Back in 2001, Jim Collins had a monster of a business bestseller with his book Good to Great: Why Some Companies Make the Leap. . . and Others Don't. In it, Collins explored companies that have become hugely successful and found that success generally comes as a result of focusing resources on things that you're good at instead of mindlessly diversifying.

Arkansas Business writer Jeff Hankins read the book again to see how the companies profiled have weathered the downturn. The companies profiled were Abbot Laboratories (NYSE: ABT), Kroger (NYSE: KR), Kimberly-Clark (NYSE: KMB), Walgreens (NYSE: WAG), Altria (NYSE: MO), Nucor (NYSE: NUE), Pitney Bowes (NYSE: PBI), Wells Fargo (NYSE: WFC) and tragically, Fannie Mae and Circuit City. Gilette was eliminated from contention because of a merger.

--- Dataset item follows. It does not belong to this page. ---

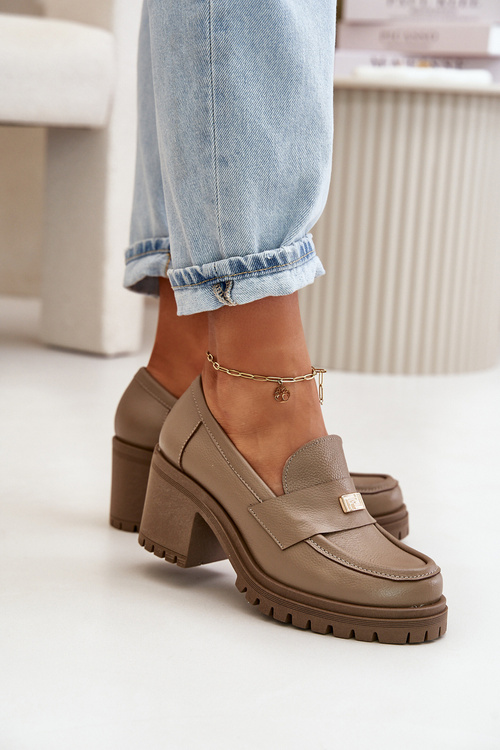 Zazoo 20168 Eleganckie Półbuty Damskie Na Słupku Skóra Naturalna Ciemnobeżowe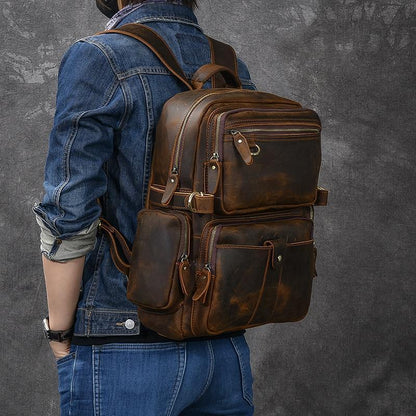 BASEL | Brauner Lederrucksack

Over the past year, Collins' "great companies" have declined by 43.12% compared with 41.55% for the S&P 500, according to Hankins. Of course, that by itself doesn't tell us anything: Being a great company and being one that outperforms the expectations of investors are two very different things. It may well be that, with the exception of real freakshows and Fannie and Circuit City, the market had already priced in the greatness of these companies.

The moral of the story is one of two things: Either Jim Collins is wrong or great companies do not necessarily make great investments. I'm inclined to go with the latter: The price you pay matters as much as the greatness of the company you invest in, and the greatness of companies like Altria and Kroger may simply have been too well-known.